Thank you very much for your valuable feedback and for taking the time to review our manuscript. We are pleased that we have carefully addressed the concerns and questions you raised in your review.
As you’d mentioned an update to your overall rating, we wanted to gently remind you that you do have the option to adjust your review rating accordingly (edit button). We’ve noticed that the system still shows the original rating of 3 at this time, and it seems no changes to the rating have been made just yet.
Thank you again for your contribution to improving our work.
The paper proposes to encode occupancy maps for synthesizing images of driving scenarios. To that end, it proposes to encode the occupancy maps as MPIs and designs an encoder of MPIs for diffusion models. It further proposes several re-weighting strategies to improve the encoding.
The reviewers acknowledged the MPI representation as suitable for encoding occupancy, modest improvements in video generation results, a mostly clear explanation (except for the related work), and usefulness for data augmentation.

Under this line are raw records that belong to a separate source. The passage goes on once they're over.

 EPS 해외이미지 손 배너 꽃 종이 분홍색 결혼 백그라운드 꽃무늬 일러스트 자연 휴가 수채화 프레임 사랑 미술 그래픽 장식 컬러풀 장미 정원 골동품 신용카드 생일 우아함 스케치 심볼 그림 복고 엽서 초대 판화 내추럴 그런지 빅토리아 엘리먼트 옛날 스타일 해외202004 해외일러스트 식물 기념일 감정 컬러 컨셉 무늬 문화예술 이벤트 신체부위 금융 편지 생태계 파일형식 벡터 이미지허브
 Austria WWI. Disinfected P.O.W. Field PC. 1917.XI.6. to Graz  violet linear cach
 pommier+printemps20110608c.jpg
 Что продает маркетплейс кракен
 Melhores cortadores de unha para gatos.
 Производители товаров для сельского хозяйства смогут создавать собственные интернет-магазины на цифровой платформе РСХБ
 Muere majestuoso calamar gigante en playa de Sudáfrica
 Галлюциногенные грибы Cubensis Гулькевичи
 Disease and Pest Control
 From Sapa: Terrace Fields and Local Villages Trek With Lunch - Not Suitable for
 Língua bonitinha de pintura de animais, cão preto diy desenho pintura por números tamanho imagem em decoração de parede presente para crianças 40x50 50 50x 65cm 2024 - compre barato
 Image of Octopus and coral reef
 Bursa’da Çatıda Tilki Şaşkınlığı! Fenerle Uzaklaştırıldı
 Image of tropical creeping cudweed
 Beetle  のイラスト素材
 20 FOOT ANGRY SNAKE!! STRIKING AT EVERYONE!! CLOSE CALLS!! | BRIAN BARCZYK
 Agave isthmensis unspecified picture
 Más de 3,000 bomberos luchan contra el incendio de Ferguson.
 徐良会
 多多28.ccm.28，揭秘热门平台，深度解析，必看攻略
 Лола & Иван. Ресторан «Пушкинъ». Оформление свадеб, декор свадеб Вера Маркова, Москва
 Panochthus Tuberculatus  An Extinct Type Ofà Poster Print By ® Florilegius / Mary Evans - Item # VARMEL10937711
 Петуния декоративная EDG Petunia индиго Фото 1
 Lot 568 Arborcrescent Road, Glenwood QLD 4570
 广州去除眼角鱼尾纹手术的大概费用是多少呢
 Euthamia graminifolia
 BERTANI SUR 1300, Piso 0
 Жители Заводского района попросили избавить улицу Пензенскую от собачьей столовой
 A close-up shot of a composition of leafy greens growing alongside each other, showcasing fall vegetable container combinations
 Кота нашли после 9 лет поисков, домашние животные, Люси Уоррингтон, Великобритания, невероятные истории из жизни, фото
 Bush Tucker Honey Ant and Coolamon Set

Several concerns were raised, with the most severe issues being a demonstrated benefit of MPIs over 3D occupancy or single-plane representations, occupancy maps providing an inconvenient editing experience, a missing demonstration of consistency across spatial edits, limited quality of generated videos, missing related work, and missing guidance on tuning the heuristic re-weighting strategies.
Most of these concerns were rebutted and discussed with reviewers, and reviewers subsequently scored 3 BA and 1 A. The AC read the paper, rebuttal, and subsequent discussion, but does not follow the reviewers' recommendation.
In the opinion of the AC, there are multiple factors that keep the paper from passing the bar of acceptance:
- The choice of occupancy maps seems highly impractical for actual editing tasks, as pointed out by reviewers. The occupancy maps as presented in the paper appear hard to manipulate and especially so at scale. A comparison to prior work that uses HD Maps and bounding box could have addressed these concerns, but such a comparison to those approaches was only made verbally. The fact that occupancy maps in this paper could be derived directly from the nuScenes ground truth may be convenient for data processing, but does not provide a clear path towards easy scaling of the synthesis or editing of these maps beyond recycling the ground truth.
- The use for data augmentation is severely limited by the computational resources and time required for inference (and training). Reported results show only minor improvements as noted by the reviewers.
- The related work section is insufficient for a paper to be be submitted at NeurIPS. As reviewers pointed out, key prior work is missing. In contrast to the reviewers, the AC is not persuaded by the promises made in the rebuttal. A more detailed plan for revision would have been necessary.
- The comparison to other representations for encoding occupancy is lacking. There is no comparison to e.g. simply representing an occupancy map as a multi-channel image (eventual memory constraints could be addressed through the resolution in the channel dimension). A comparison to depth maps in a ControlNet setting was made in the paper, but as the reviewers pointed out, this comparison confounds model architecture and representation. The comparison to a projection of the voxels into a single image is provided in the rebuttal, but here it unfortunately remains unclear whether the MPI encoder has been retrained and how the re-weighting strategies tuned for the MPI encoder affect the comparison.